[EXERCISE AIM]:
Beginning with the line below that contains "VERA Specialty Davinci QR Bracelet" and ending with the line that contains "DuPJiUPXQAAgRDs.jpg:large", retype every line exactly. Pictures are not copied.

Top of RECORDS PROVIDED

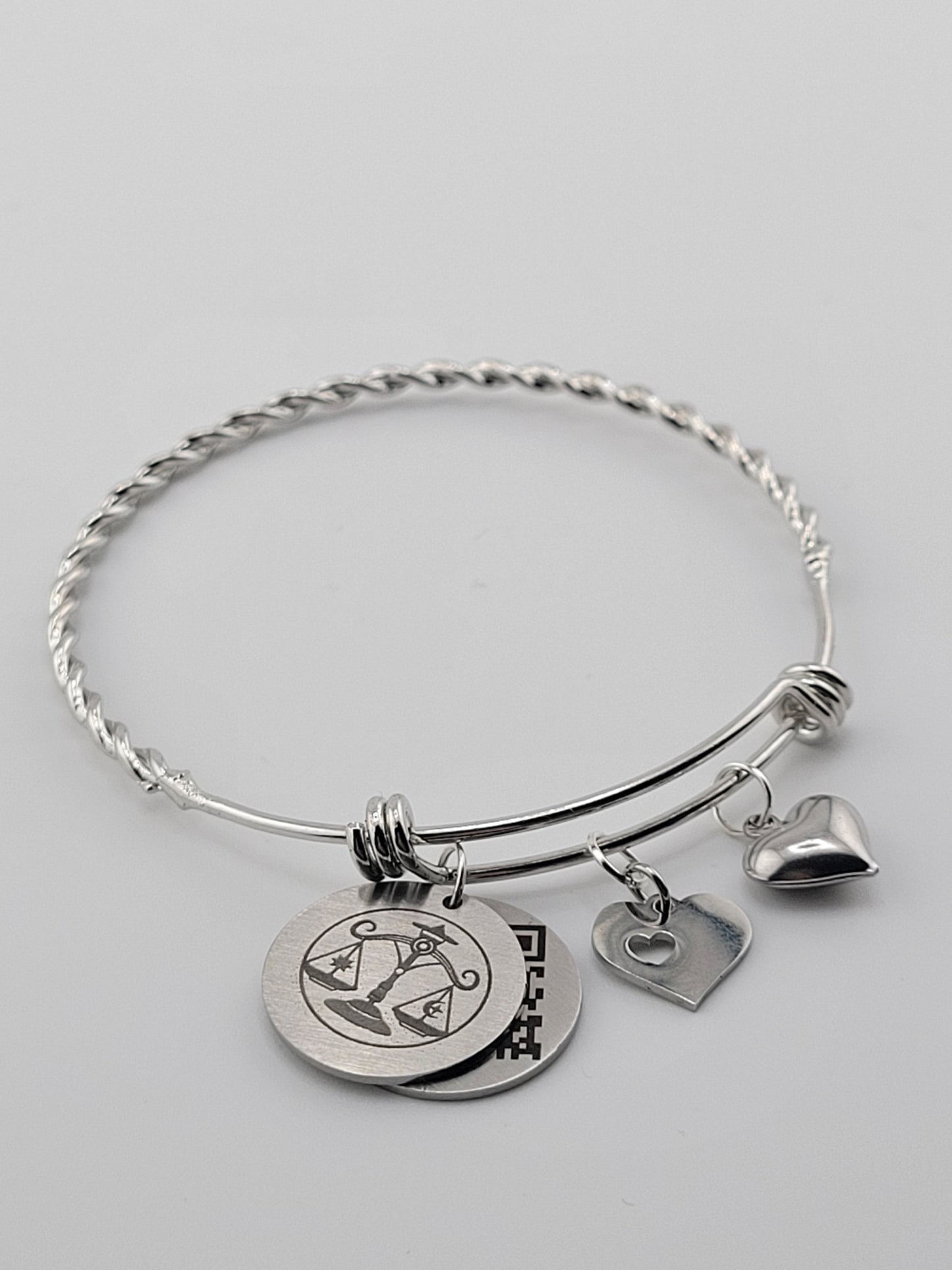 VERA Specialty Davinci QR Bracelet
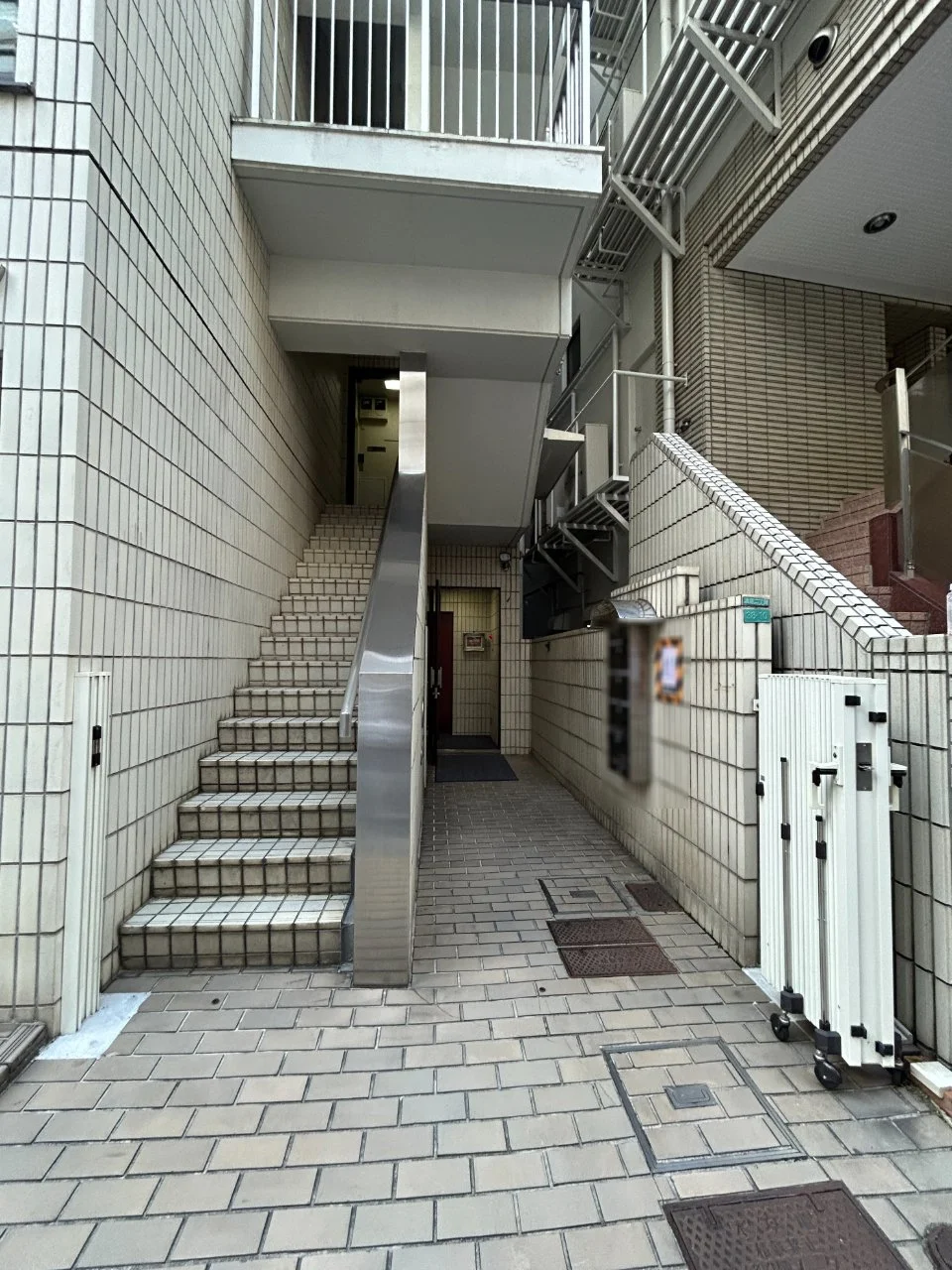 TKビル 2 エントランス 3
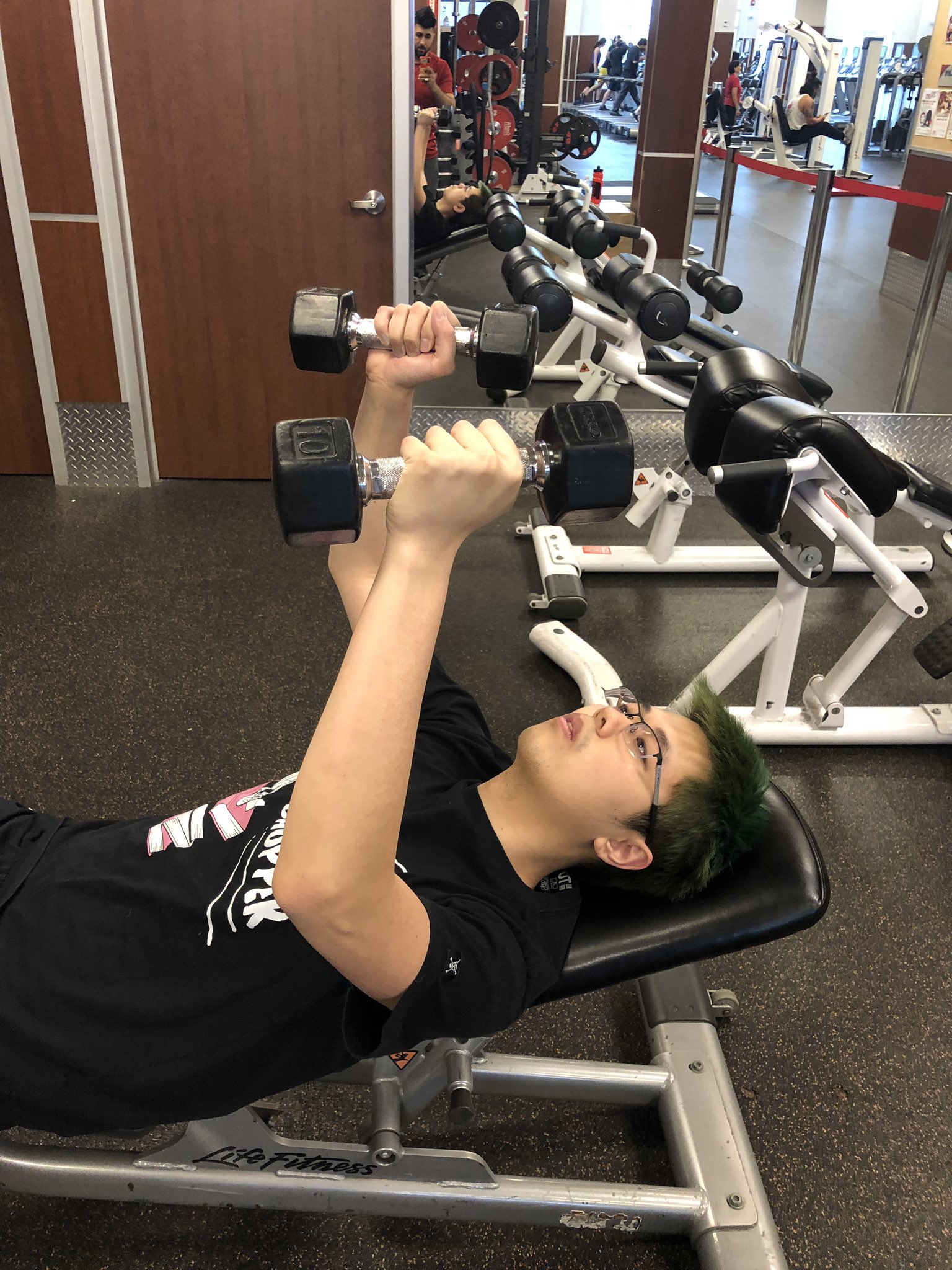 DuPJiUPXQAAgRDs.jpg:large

Bottom of RECORDS PROVIDED
Top of RECORDS PROVIDED

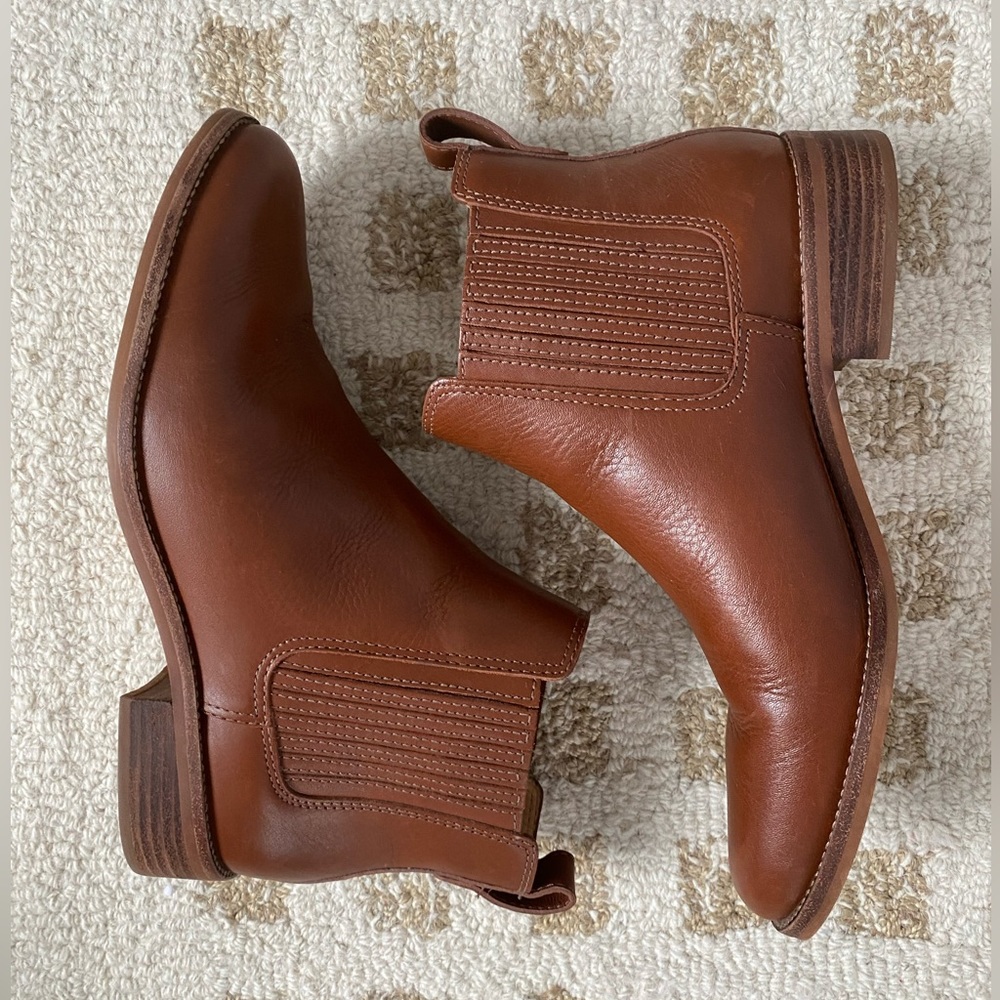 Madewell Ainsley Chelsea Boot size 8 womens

Bottom of RECORDS PROVIDED
Top of RECORDS PROVIDED

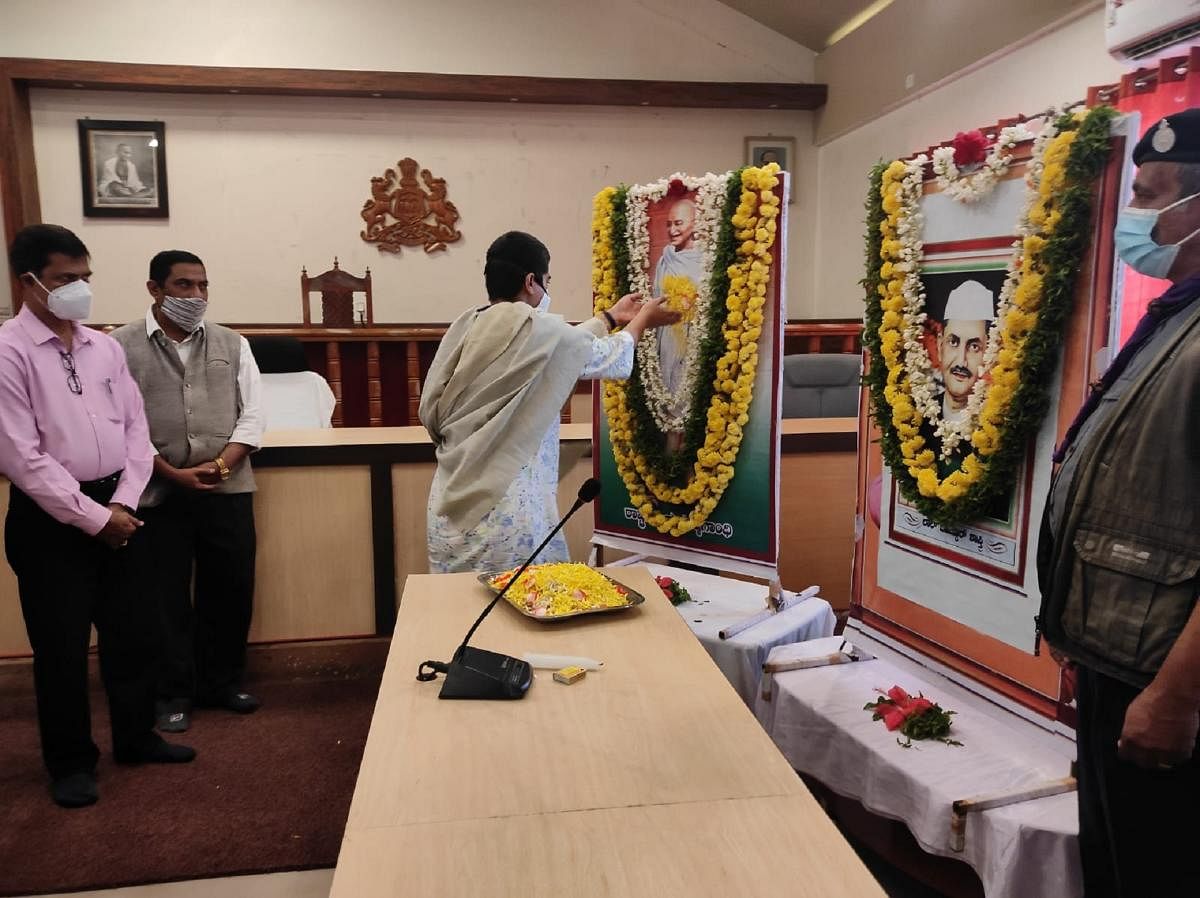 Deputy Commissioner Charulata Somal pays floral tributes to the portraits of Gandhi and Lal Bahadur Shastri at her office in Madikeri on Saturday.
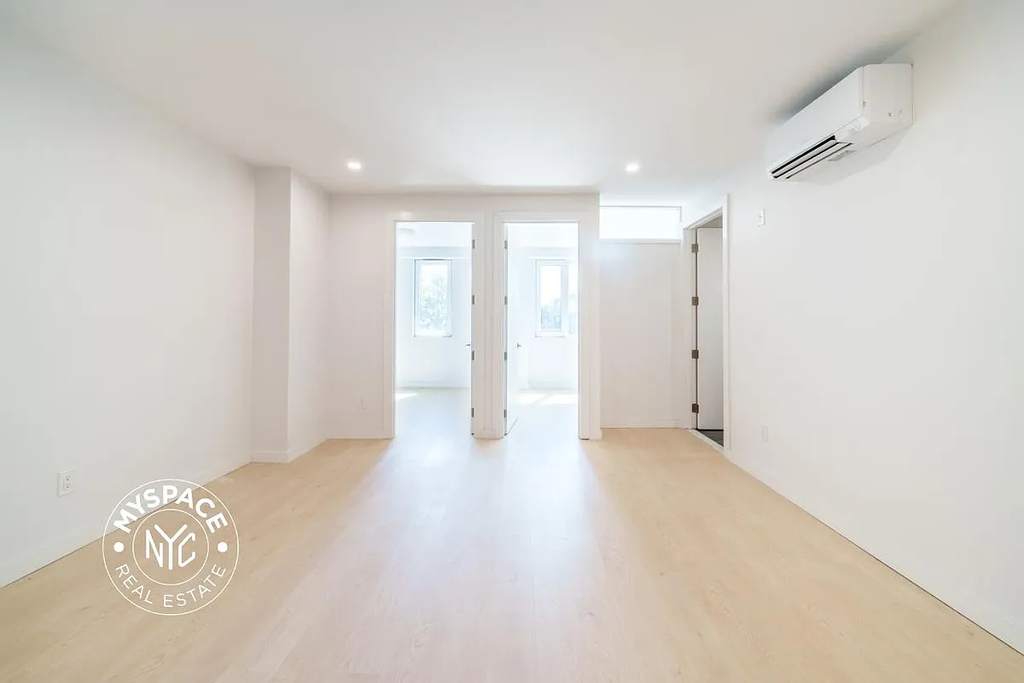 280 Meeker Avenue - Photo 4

Bottom of RECORDS PROVIDED

[REPLY]:
 VERA Specialty Davinci QR Bracelet
 TKビル 2 エントランス 3
 DuPJiUPXQAAgRDs.jpg:large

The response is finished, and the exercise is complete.